Even more worrying is that the deforestation of land in Colombia, as a result of fumigation, is a repetitive cycle. As fumigation reaches further into the forest to destroy coca cultivation and pollutes ever-greater areas, the campesinos will be forced to search for new land even deeper in the jungles. The fumigation planes will no doubt eventually find them there too and the process will be continued. This pattern is threatening already endangered plants and animals as many wildlife and environmental pressure groups have already pointed out.
The environmental effects of the fumigation programme in Colombia have also been reported in Ecuador and it can be safely assumed that Peru and Brazil are already, or will in the near future, face similar scenarios. The transport of chemicals by waterways is a particular worry for regional contamination, especially as much of the spraying goes on near rivers that flow down into Brazil, Ecuador and Peru. Accion Ecologica, an Ecuadorian environmental organisation, stated that crops and livestock are suffering negative effects in northern Ecuador as Glyphosate, moving in water and the wind, reaches soil in the departments bordering Colombia.
D espite all the eradication efforts – and the related suffering caused to the people and environment in the effected areas – the US fumigation programme has, as of yet, made little ground. A joint UN and Colombian survey recently indicated that in 2000 the area devoted to cultivating coca actually increased to over 400,000 acres. In comments earlier this week, Mathea Falco, the director of the US-based non-profit research group Drugs Strategies, pointed out that “heroin and cocaine are cheaper and more available than ever before and it [the ‘War on Drugs’] has not decreased or reduced either the supply of drugs not the number of hard-core drug addicts.”
Reality of US Motivations
The US-administered fumigation programs in Latin America are backed by sophisticated satellite and targeting equipment that makes, as Ricardo Vargas (a fumigation expert at Accion Andina) agrees, the possibility of a “mistake” very slim. Yet the effects of the opening stages of aerial spraying (as indicated above) have had devastating consequences on humans, livestock, and the ecology of Colombia and the surrounding regions. Towns, legitimate crops, and water sources have been repeatedly sprayed, with the unpleasant conclusion, as Ricardo Vargas stated in an interview with the Dutch journalist van Royen, that “spraying” could be being used “as a strategy to consciously affect the survival of communities”.

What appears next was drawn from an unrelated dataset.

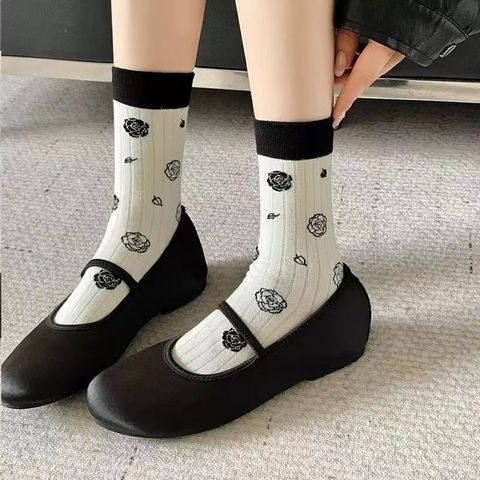 微信图片_20260111165121_658_2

This, as a central objective of Plan Colombia, is not as far-fetched as it sounds especially when one understands the way in which the US government and various multinational corporations would benefit from such a policy.
Various oil corporations, for example, including both Occidental Petroleum and British Petroleum, were fervent supporters of Plan Colombia whilst it went through Congress and this is without doubt because they saw it as being favourable to their interests in the region – Occidental indeed spent $350,000 in the US Congress ensuring that Plan Colombia was passed. The departments of Putumayo and Bolivar, both primary targets for fumigation, have huge, and as yet unexploited mineral and oil deposits. The effects of fumigation, and the paramilitary activity that preceded it (see below), have forced thousands off their land – terrain that is now conveniently open for speculation by multinationals, free from the annoyance of concerned local environmentalists and residents. A further, and no doubt intentional effect is to deprive the guerrilla movements in these areas of their civilian support bases. This has obvious benefits, as the guerrillas are generally hostile to both US foreign policy objectives and the exploitation of Colombia’s natural resources by foreign companies.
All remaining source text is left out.